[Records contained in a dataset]
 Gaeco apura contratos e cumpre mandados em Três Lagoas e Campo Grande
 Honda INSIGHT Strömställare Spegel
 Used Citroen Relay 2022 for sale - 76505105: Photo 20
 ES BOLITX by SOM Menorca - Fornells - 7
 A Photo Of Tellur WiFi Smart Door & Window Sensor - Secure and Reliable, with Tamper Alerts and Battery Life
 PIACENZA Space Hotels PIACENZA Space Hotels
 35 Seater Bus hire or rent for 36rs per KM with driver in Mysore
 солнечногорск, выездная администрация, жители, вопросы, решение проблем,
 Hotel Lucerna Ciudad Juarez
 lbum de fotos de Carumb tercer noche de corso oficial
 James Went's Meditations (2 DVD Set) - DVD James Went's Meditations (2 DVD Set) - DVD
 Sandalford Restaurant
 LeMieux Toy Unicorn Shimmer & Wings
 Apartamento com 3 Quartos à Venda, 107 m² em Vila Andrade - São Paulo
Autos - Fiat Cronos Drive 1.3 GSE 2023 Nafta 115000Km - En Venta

__ACTIVITY__
Restate word for word each line of the data from the one with "солнечногорск, выездная администрация, жители, вопросы, решение" to the last, keeping both ends.

__THE COMPLETED TASK__
 солнечногорск, выездная администрация, жители, вопросы, решение проблем,
 Hotel Lucerna Ciudad Juarez
 lbum de fotos de Carumb tercer noche de corso oficial
 James Went's Meditations (2 DVD Set) - DVD James Went's Meditations (2 DVD Set) - DVD
 Sandalford Restaurant
 LeMieux Toy Unicorn Shimmer & Wings
 Apartamento com 3 Quartos à Venda, 107 m² em Vila Andrade - São Paulo
Autos - Fiat Cronos Drive 1.3 GSE 2023 Nafta 115000Km - En Venta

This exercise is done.